# So my speakers blown



## droidrage729 (Jun 17, 2011)

Yea pretty much like stated I don't use it a lot but did today and its a crackley mess. Should I call them or am I pretty but Sol? I don't have any insurance as I didn't expect my speaker to blow I don't use it much I've had the device what a month. Any input is appreciated.

Sent from my Nexus 7 using Tapatalk 2


----------



## Mustang302LX (Jun 28, 2011)

I'd call them. Worse they can say I you're SOL.

Sent from my Nexus 7 running CM10 using the RootzWiki app.


----------



## iPois0n (Jan 12, 2012)

The speaker is shit on it. But hey its a budget tablet with a sick as processor.


----------



## utcu (Nov 24, 2011)

If the parts were available online I'd say just replace it. From the ifixit tear down, speaker replacement would take 40 minutes max being careful and taking your time. Definitely call them though. I'd imagine Asus has some type of manufacturer warranty.


----------



## mtw4991 (Aug 31, 2011)

droidrage729 said:


> Yea pretty much like stated I don't use it a lot but did today and its a crackley mess.

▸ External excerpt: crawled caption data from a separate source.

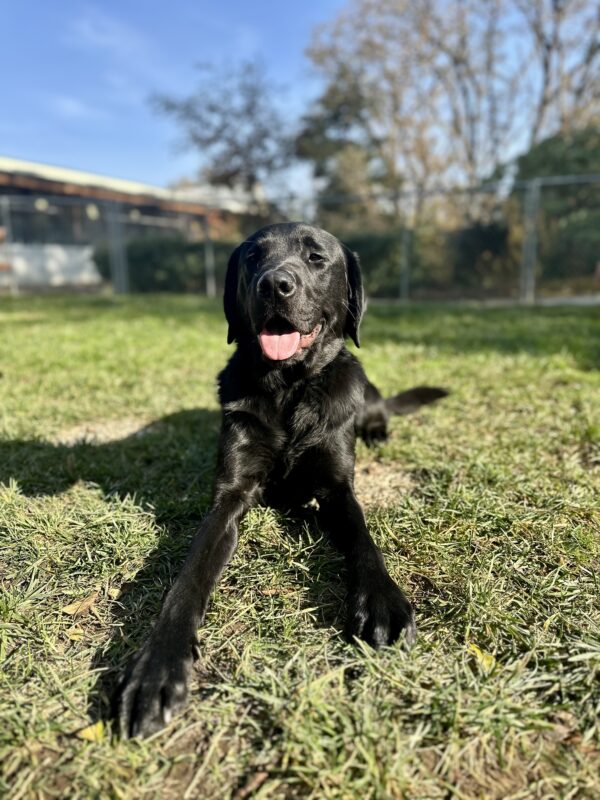 Gilligan is laying down in a grass play area with a fence, trees, and blue sky in the background. The sun is shining and he’s smiling with his mouth open.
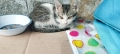 Подарявам малки котенца , снимка 3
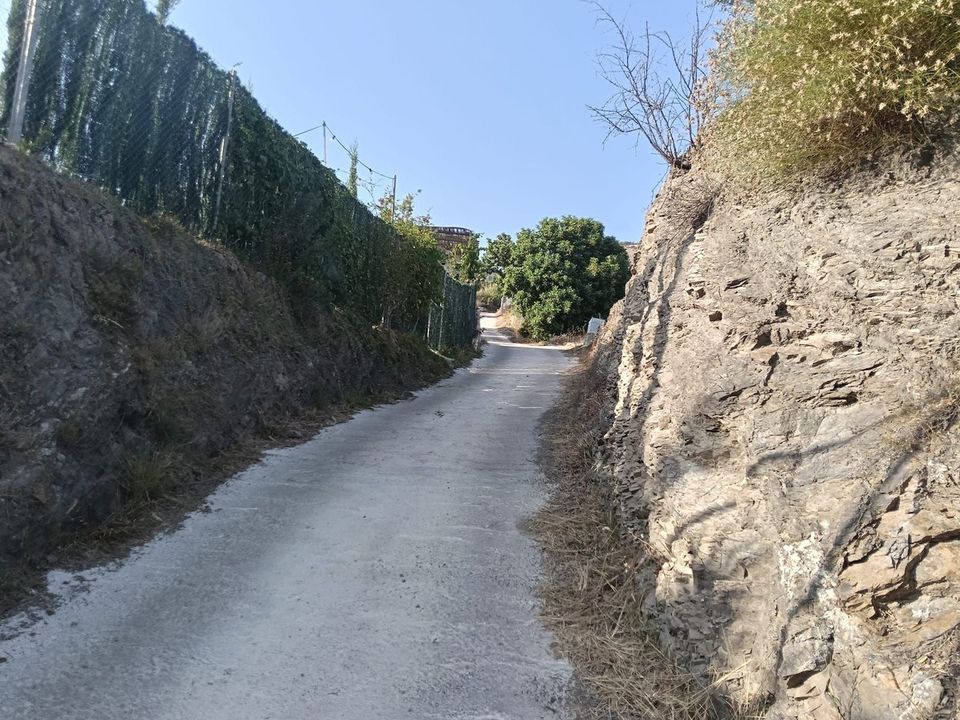 Helårsgrund i Frigiliana, Malaga - foto 3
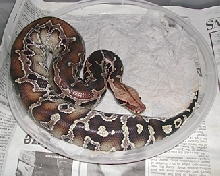 Sarawak Short-tail Python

Should I call them or am I pretty but Sol? I don't have any insurance as I didn't expect my speaker to blow I don't use it much I've had the device what a month. Any input is appreciated.
> 
> Sent from my Nexus 7 using Tapatalk 2


Same thing happened to mine within 2 weeks of getting it. Called Google support, they RMA'd it and I had a new one two days later. They paid the shipping also. Just be persistent, they are aware of the issue but the support dude sounded like he had never heard of it. Made him get his manager, who promptly did the RMA


----------